The following is a quotation of pre-AIA 35 U.S.C. 112, sixth paragraph:
An element in a claim for a combination may be expressed as a means or step for performing a specified function without the recital of structure, material, or acts in support thereof, and such claim shall be construed to cover the corresponding structure, material, or acts described in the specification and equivalents thereof.

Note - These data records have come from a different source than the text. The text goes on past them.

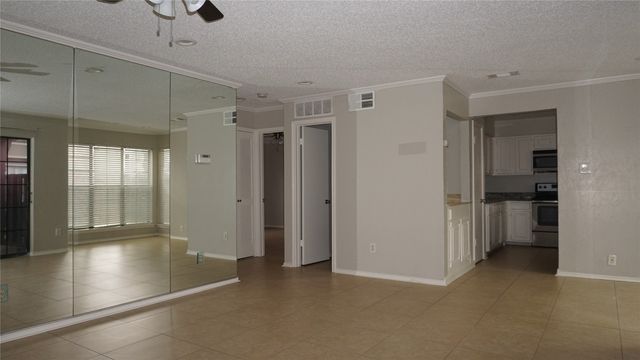 2728 Copper Creek Drive 107, Arlington, TX 76006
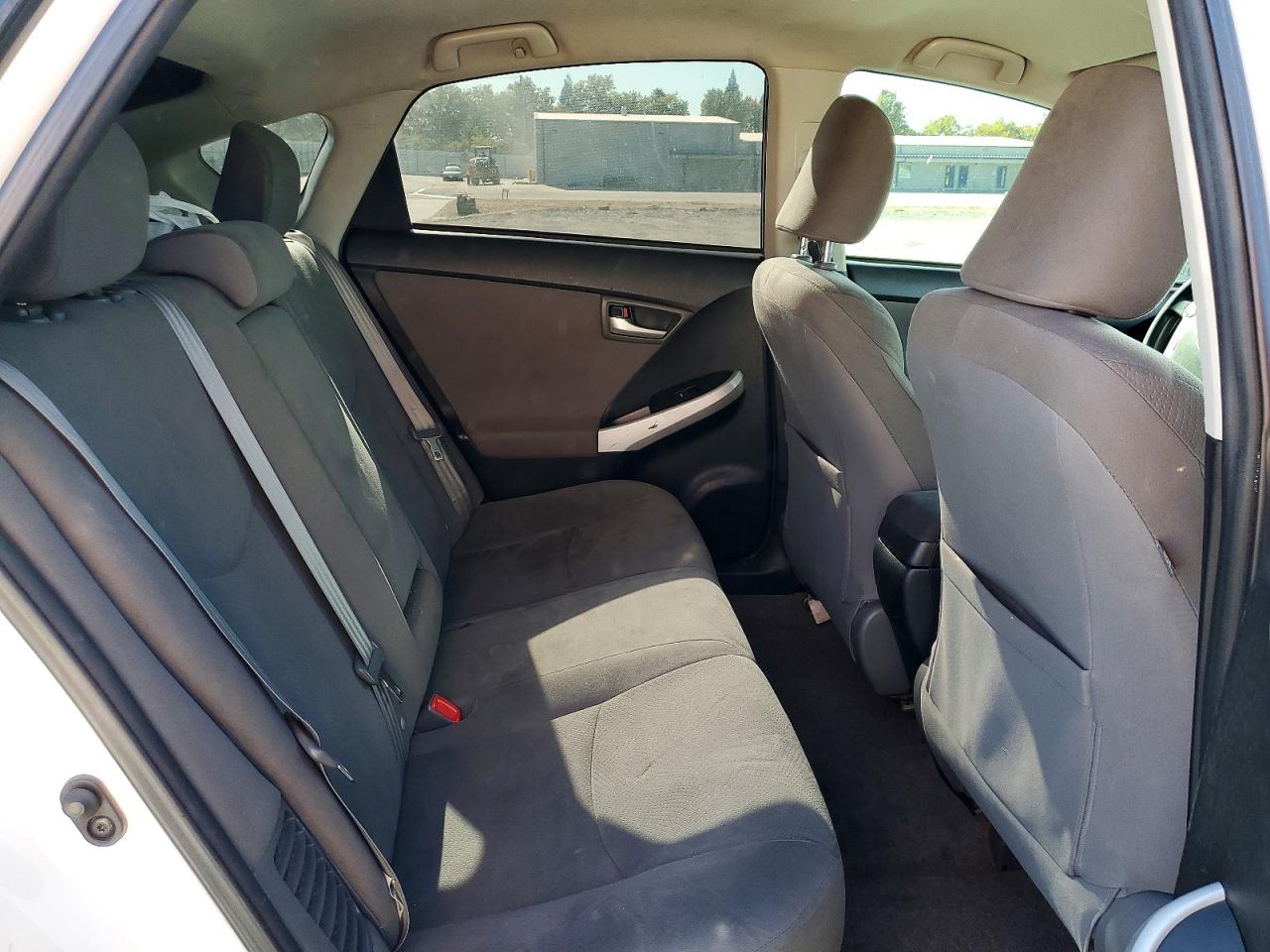 2013 Toyota Prius Three Белый vin: JTDKN3DU7D5590635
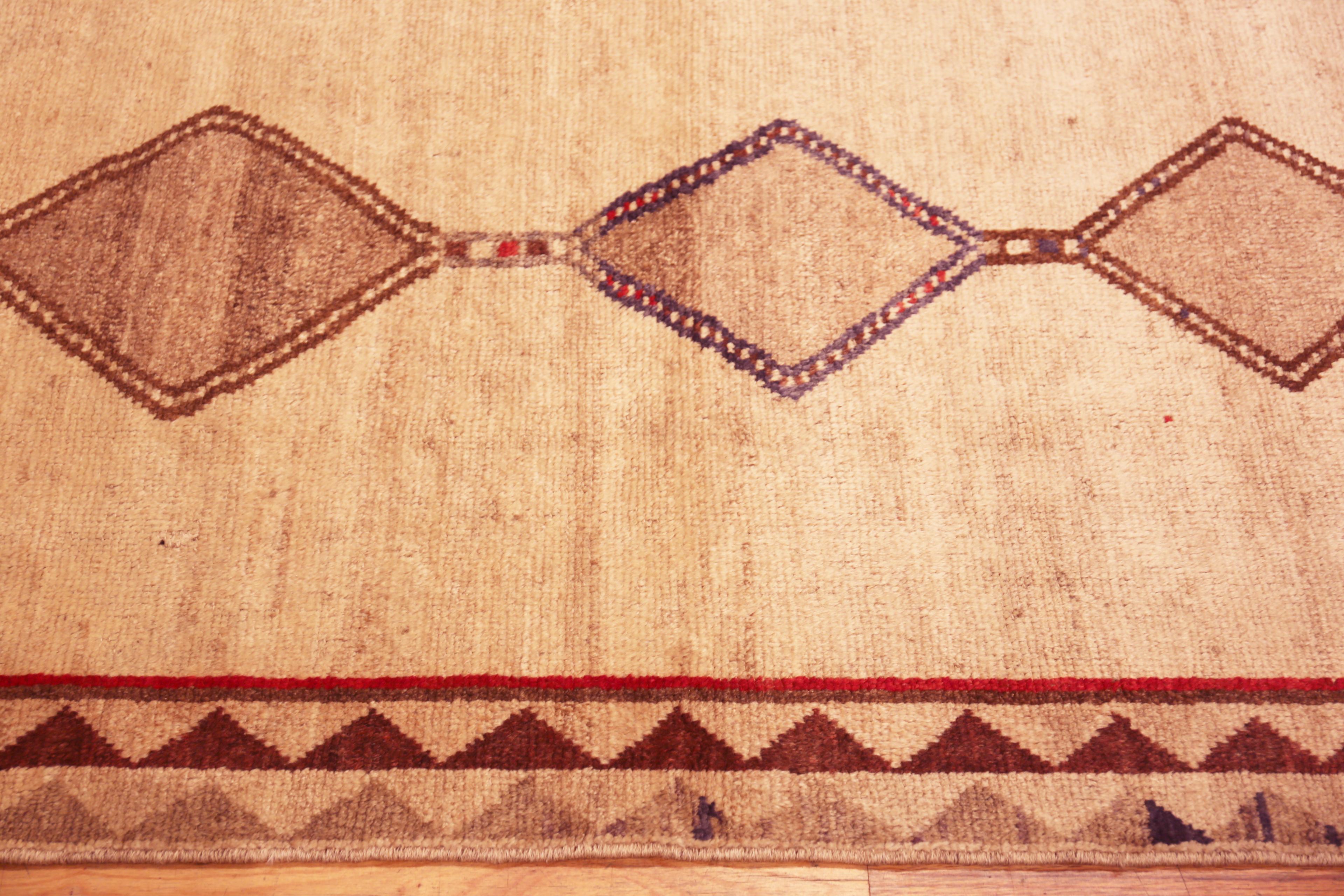 Lana Tappeto Nazmiyal Collection Vintage Persian Gabbeh 3 ft 7 in x 5 ft 9 in in vendita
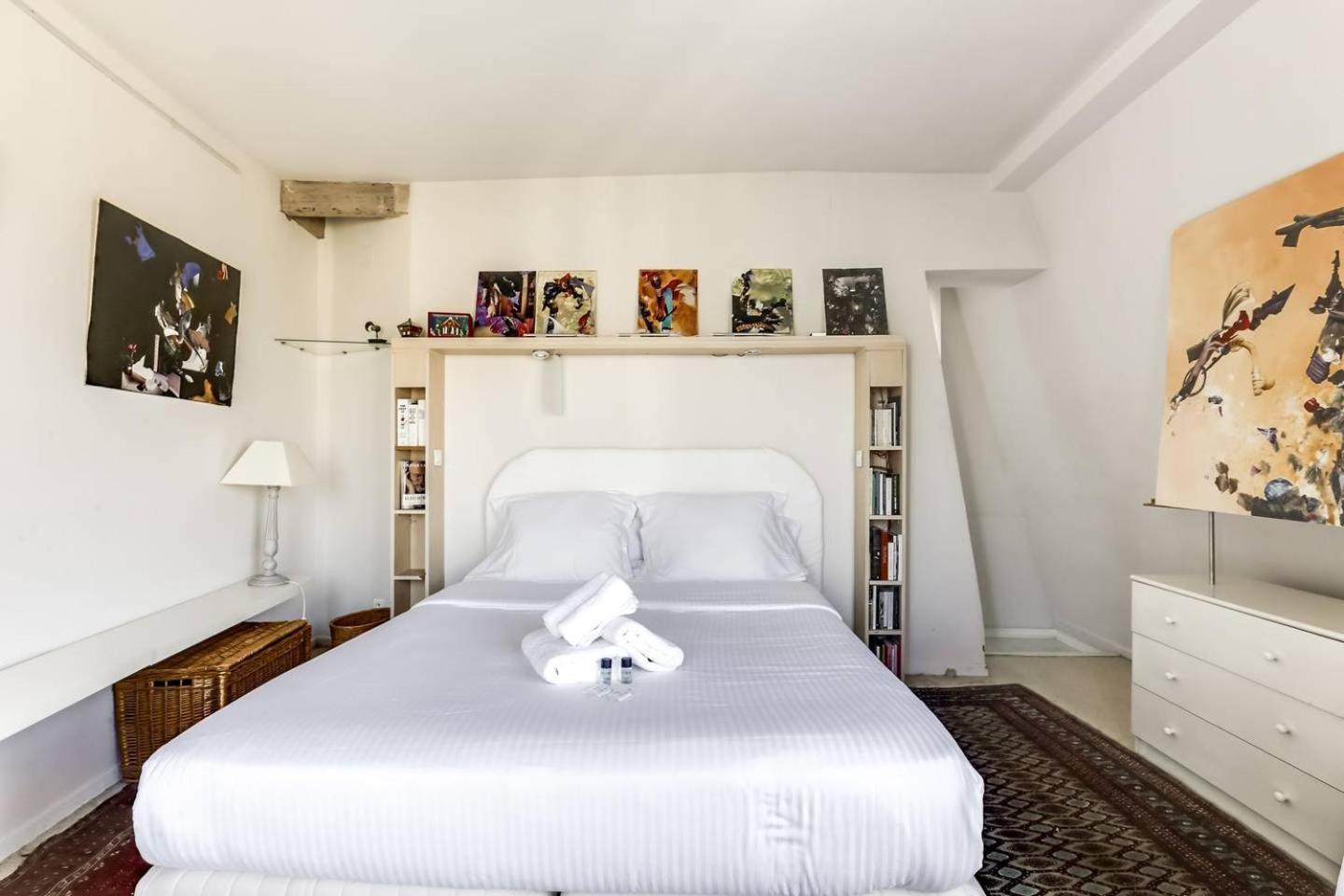 Guestready - French Flair Rooftop Hideaway Appartamento Parigi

The claims in this application are given their broadest reasonable interpretation using the plain meaning of the claim language in light of the specification as it would be understood by one of ordinary skill in the art. The broadest reasonable interpretation of a claim element (also commonly referred to as a claim limitation) is limited by the description in the specification when 35 U.S.C. 112(f) or pre-AIA 35 U.S.C. 112, sixth paragraph, is invoked.
As explained in MPEP § 2181, subsection I, claim limitations that meet the following three-prong test will be interpreted under 35 U.S.C. 112(f) or pre-AIA 35 U.S.C. 112, sixth paragraph:
(A) the claim limitation uses the term “means” or “step” or a term used as a substitute for “means” that is a generic placeholder (also called a nonce term or a non-structural term having no specific structural meaning) for performing the claimed function;
(B) the term “means” or “step” or the generic placeholder is modified by functional language, typically, but not always linked by the transition word “for” (e.g., “means for”) or another linking word or phrase, such as “configured to” or “so that”; and
(C) the term “means” or “step” or the generic placeholder is not modified by sufficient structure, material, or acts for performing the claimed function.
Use of the word “means” (or “step”) in a claim with functional language creates a rebuttable presumption that the claim limitation is to be treated in accordance with 35 U.S.C. 112(f) or pre-AIA 35 U.S.C. 112, sixth paragraph. The presumption that the claim limitation is interpreted under 35 U.S.C. 112(f) or pre-AIA 35 U.S.C. 112, sixth paragraph, is rebutted when the claim limitation recites sufficient structure, material, or acts to entirely perform the recited function.
Absence of the word “means” (or “step”) in a claim creates a rebuttable presumption that the claim limitation is not to be treated in accordance with 35 U.S.C. 112(f) or pre-AIA 35 U.S.C. 112, sixth paragraph. The presumption that the claim limitation is not interpreted under 35 U.S.C. 112(f) or pre-AIA 35 U.S.C. 112, sixth paragraph, is rebutted when the claim limitation recites function without reciting sufficient structure, material or acts to entirely perform the recited function.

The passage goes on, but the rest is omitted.